She also emphasised the importance of considering whether differentiated labelling or specific claims could be applied to products designed for individuals who are highly sensitive to an allergen. It will also be crucial to communicate clearly to consumers when these legislative changes will be implemented, as this may result in PAL changes for a product without necessarily indicating a reduction in allergen content due to cross-contamination. Ultimately, all efforts to harmonise risk assessment and allergen labelling should contribute to restoring confidence in PAL.

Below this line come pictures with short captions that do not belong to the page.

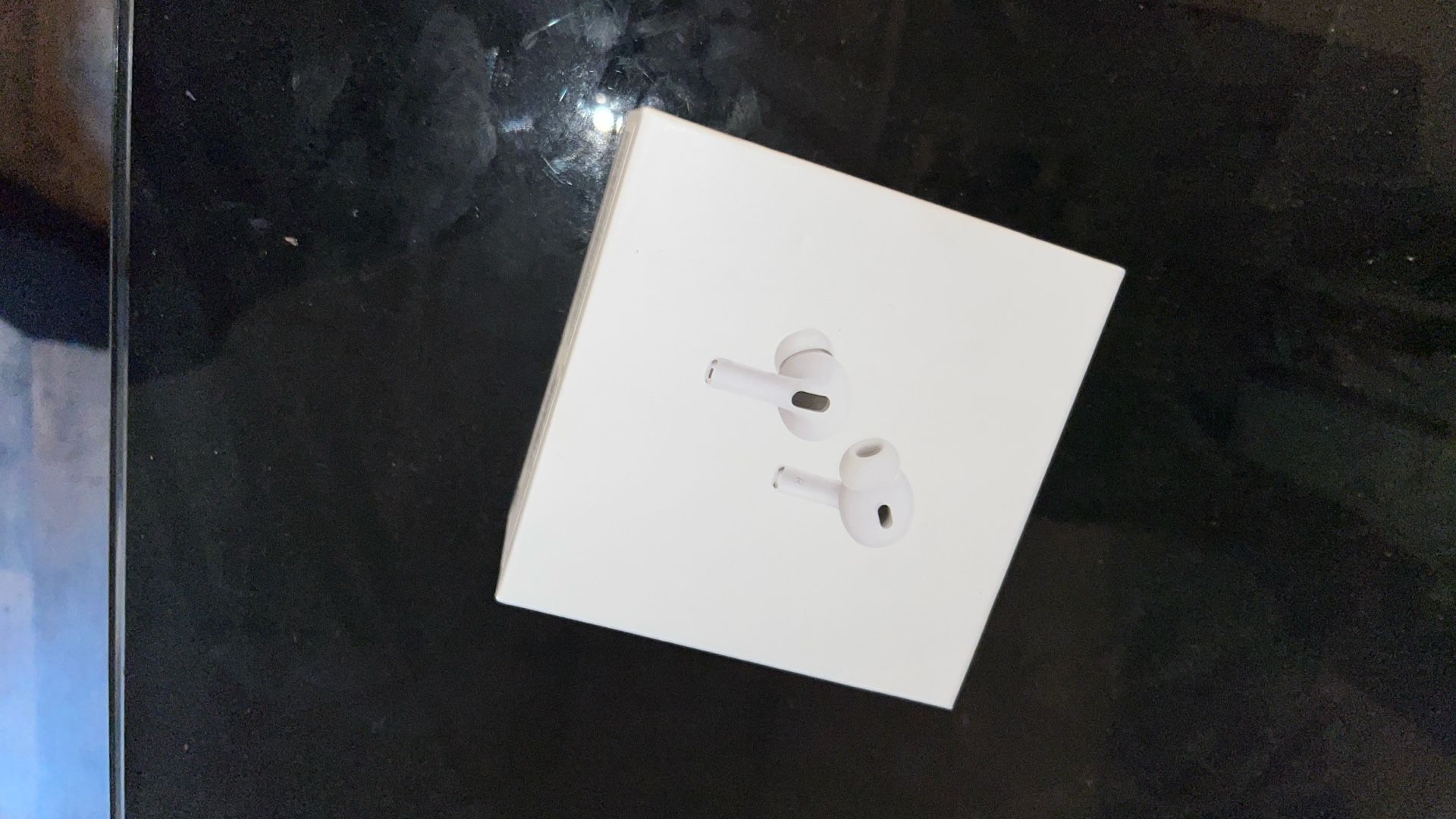 AirPod Pro 2nd Gen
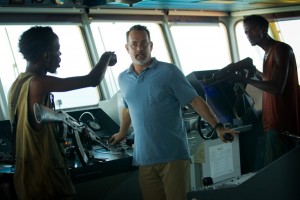 Tom Hanks in Captain Phillips Tom Hanks in Captain Phillips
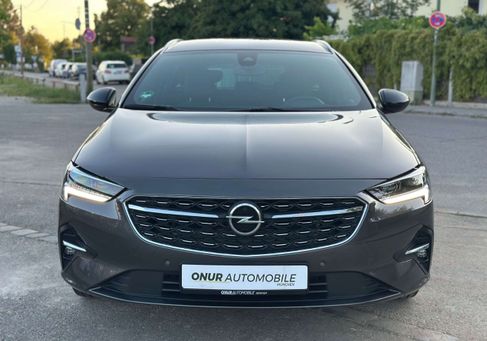 Opel Insignia, 2023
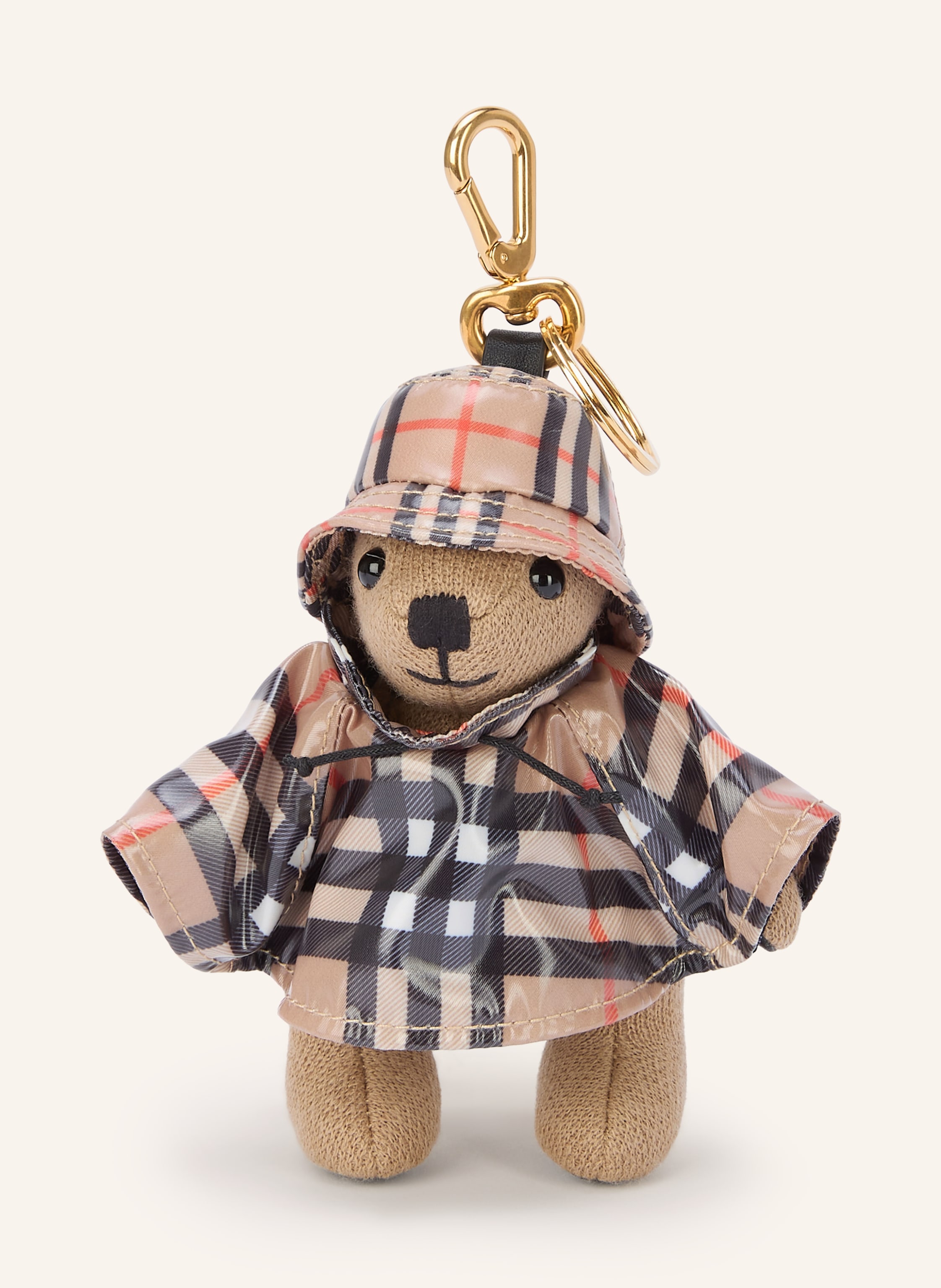 BURBERRY Schlüsselanhänger THOMAS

Robert stressed two final points. First, it is essential to understand what a PAL is intended to communicate to consumers; namely, the risk of experiencing severe and potentially life-threatening reactions. She explained that the new draft expert recommendations for PAL are aimed at protecting 95% of the allergic population and that it is important to communicate this effectively to patients. Second, while she believes that larger industries are prepared to adopt new standards and PAL guidelines once they form part of the Codex, the more significant issue is the need for internationally harmonised regulations and thresholds. If countries do not adopt harmonised approaches to allergen labelling and PAL, the same food products with identical unintended allergen content could be sold in different markets while carrying different PALs. This discrepancy could mislead consumers, put sensitive individuals at risk, and ultimately undermine the objective of restoring confidence in PAL (Robert, personal communication).

Towards Setting Standards for Extensively Hydrolysed Formula

Clare Mills, Professor of Food and Molecular Immunology at the University of Surrey, UK, discussed the clinically relevant allergens present in cow’s milk and the allergenicity of extensively hydrolysed formula (EHF), with a view towards setting new standards for these formulas.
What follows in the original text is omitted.